• _Description of the task_
Copying rule for the data below: pictures stay out, and only the lines from the one with "3-Sitzer Modulares Ecksofa" down to the one with "Produktbild von Mr.", inclusive, are repeated exactly.

• _Information_

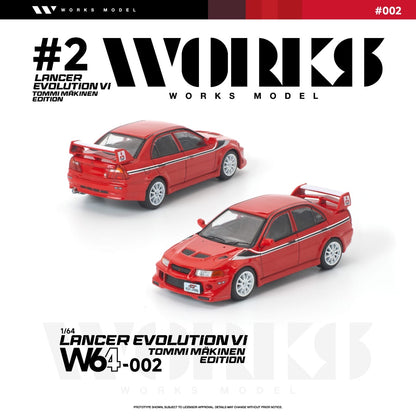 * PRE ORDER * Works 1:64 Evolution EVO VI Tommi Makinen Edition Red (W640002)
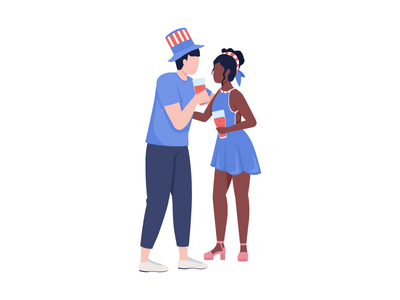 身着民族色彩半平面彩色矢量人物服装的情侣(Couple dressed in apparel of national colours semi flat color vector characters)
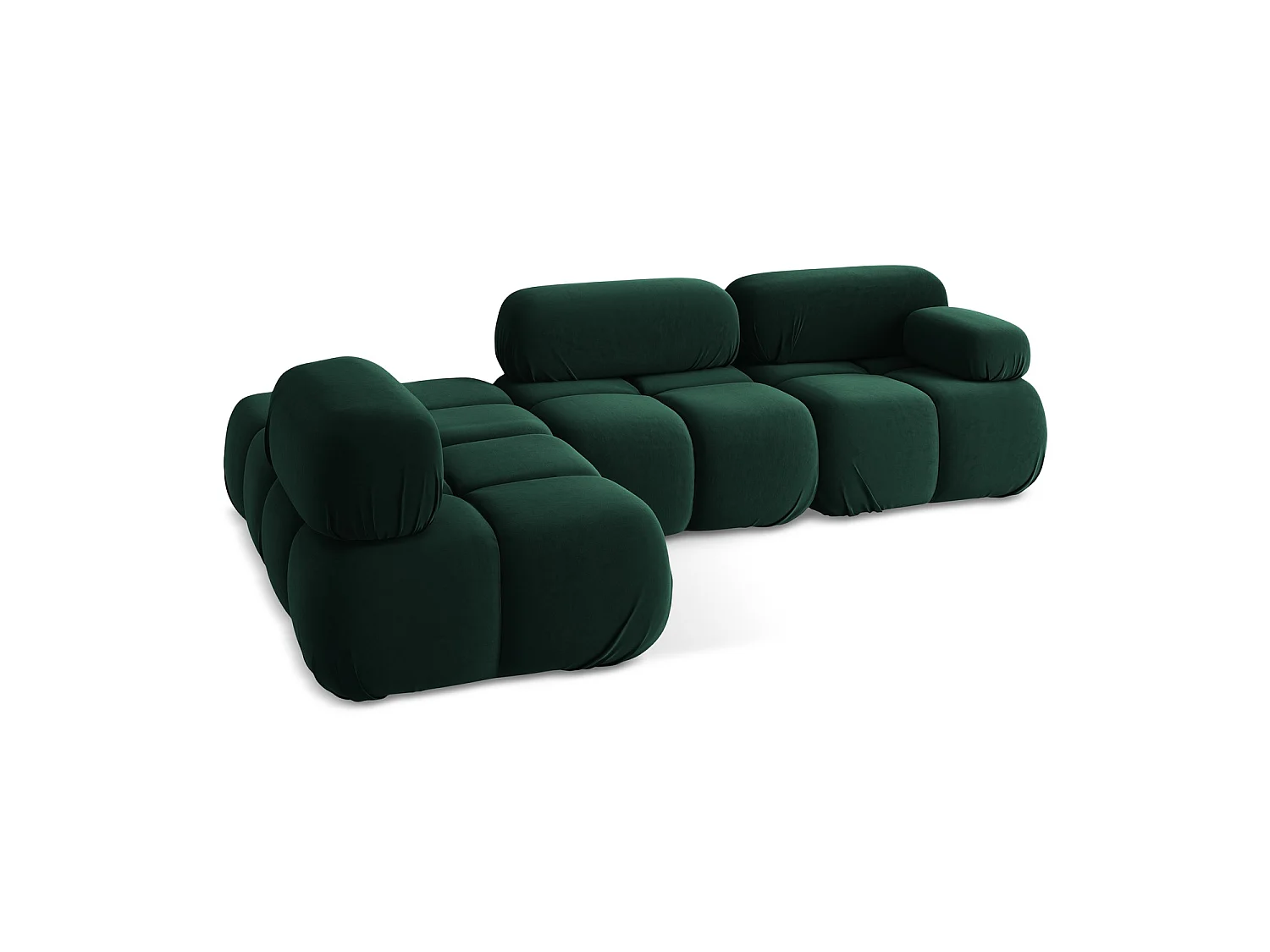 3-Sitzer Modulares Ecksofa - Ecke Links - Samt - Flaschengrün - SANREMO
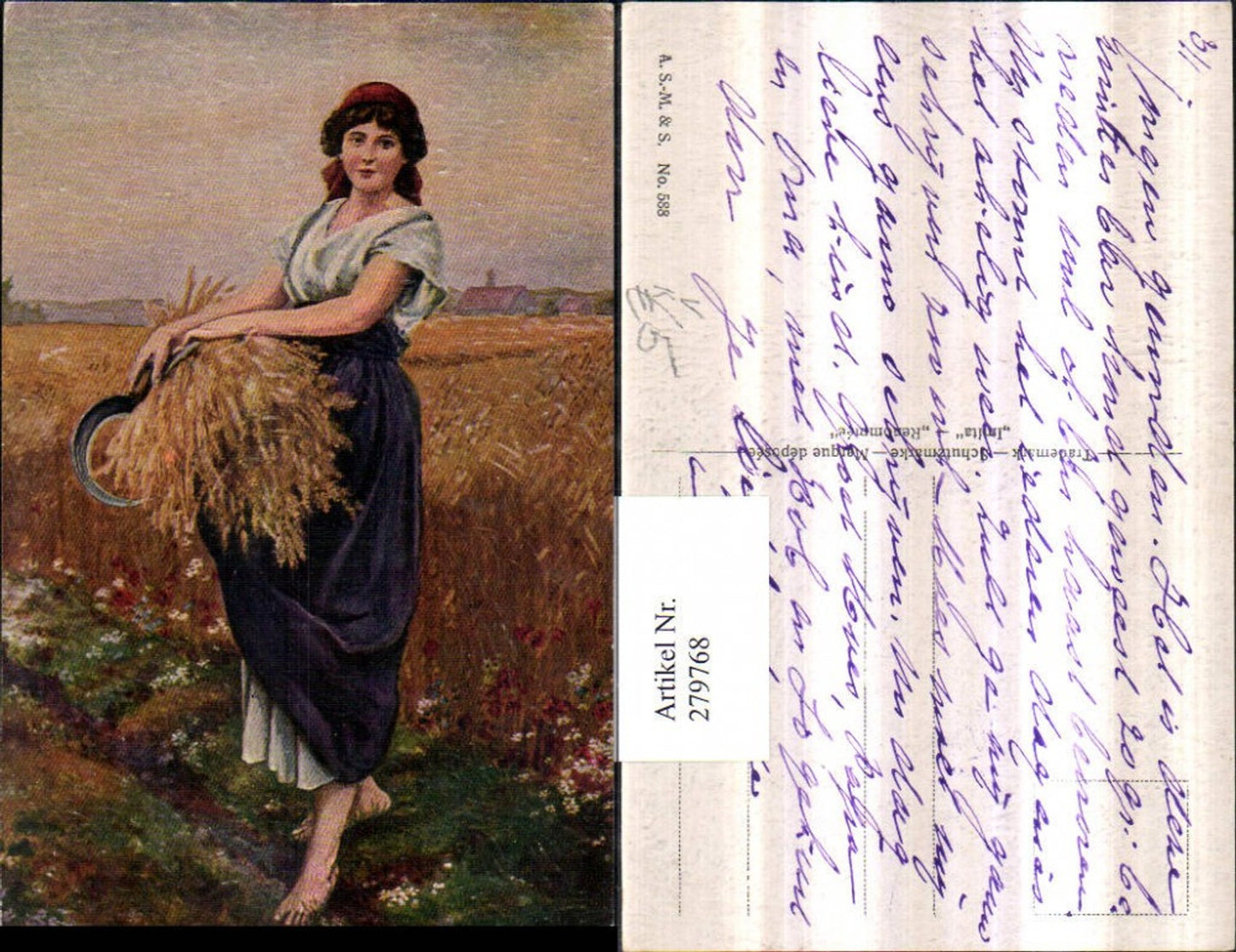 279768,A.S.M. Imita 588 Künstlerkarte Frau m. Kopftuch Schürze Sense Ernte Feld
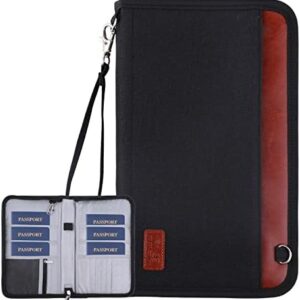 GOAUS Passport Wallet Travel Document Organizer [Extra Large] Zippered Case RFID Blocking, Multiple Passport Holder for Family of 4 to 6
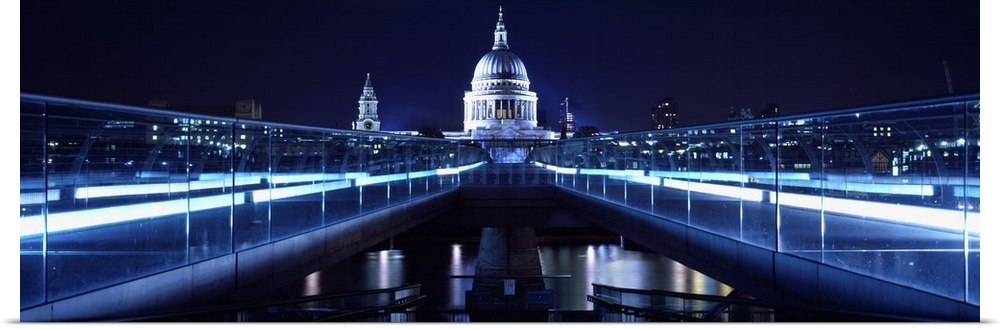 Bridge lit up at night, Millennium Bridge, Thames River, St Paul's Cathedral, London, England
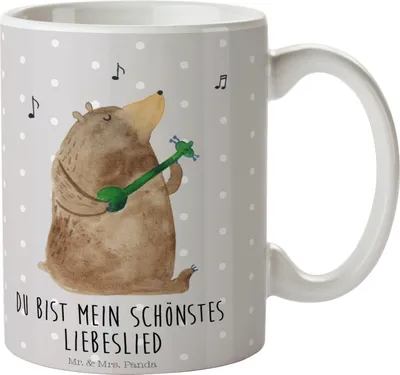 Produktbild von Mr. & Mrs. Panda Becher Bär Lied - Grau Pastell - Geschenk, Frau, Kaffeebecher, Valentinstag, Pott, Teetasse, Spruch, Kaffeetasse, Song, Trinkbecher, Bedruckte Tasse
---
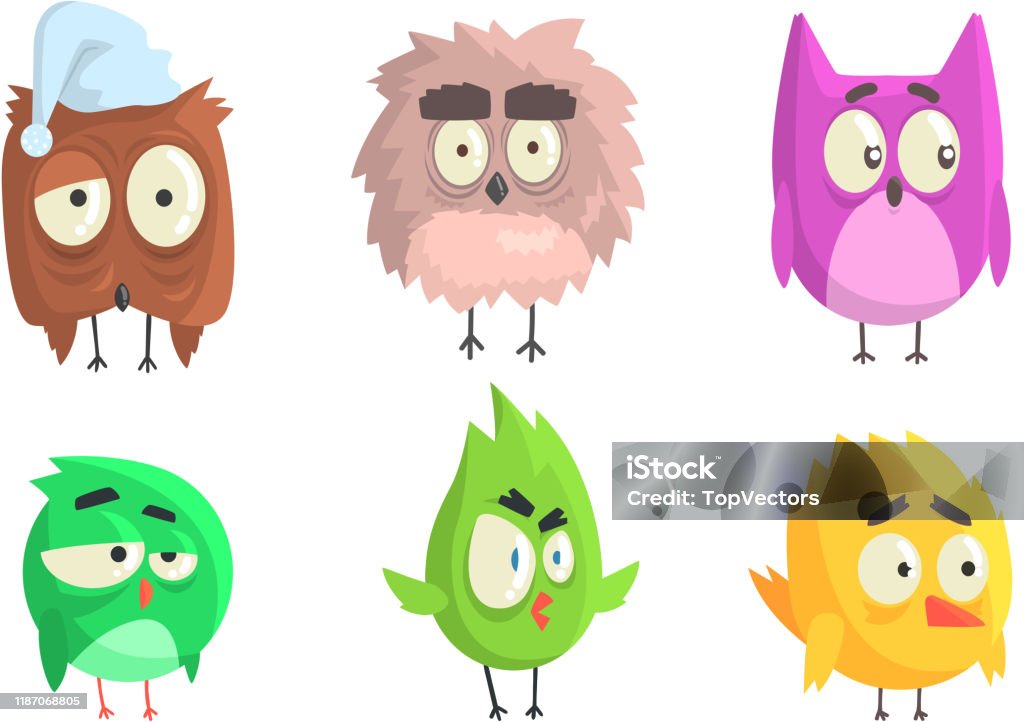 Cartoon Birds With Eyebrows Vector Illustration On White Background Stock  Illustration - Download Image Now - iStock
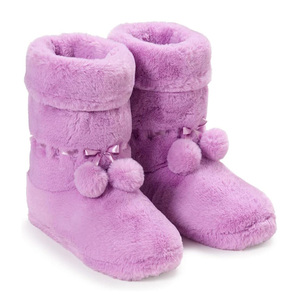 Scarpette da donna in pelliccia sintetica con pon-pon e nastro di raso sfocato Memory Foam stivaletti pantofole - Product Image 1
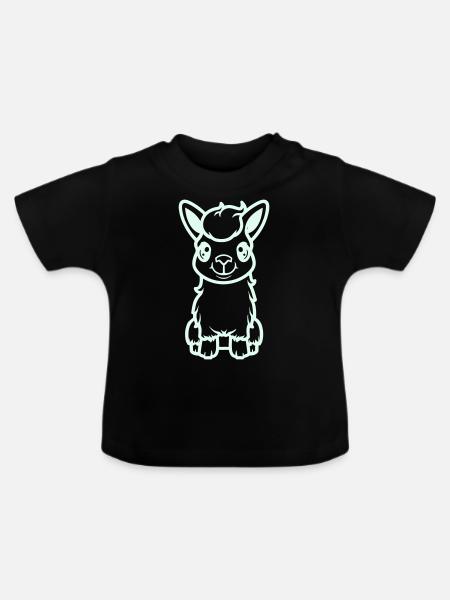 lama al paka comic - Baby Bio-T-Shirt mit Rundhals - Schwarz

• _Exercise output_
 3-Sitzer Modulares Ecksofa - Ecke Links - Samt - Flaschengrün - SANREMO
 279768,A.S.M. Imita 588 Künstlerkarte Frau m. Kopftuch Schürze Sense Ernte Feld
 GOAUS Passport Wallet Travel Document Organizer [Extra Large] Zippered Case RFID Blocking, Multiple Passport Holder for Family of 4 to 6
 Bridge lit up at night, Millennium Bridge, Thames River, St Paul's Cathedral, London, England
 Produktbild von Mr. & Mrs. Panda Becher Bär Lied - Grau Pastell - Geschenk, Frau, Kaffeebecher, Valentinstag, Pott, Teetasse, Spruch, Kaffeetasse, Song, Trinkbecher, Bedruckte Tasse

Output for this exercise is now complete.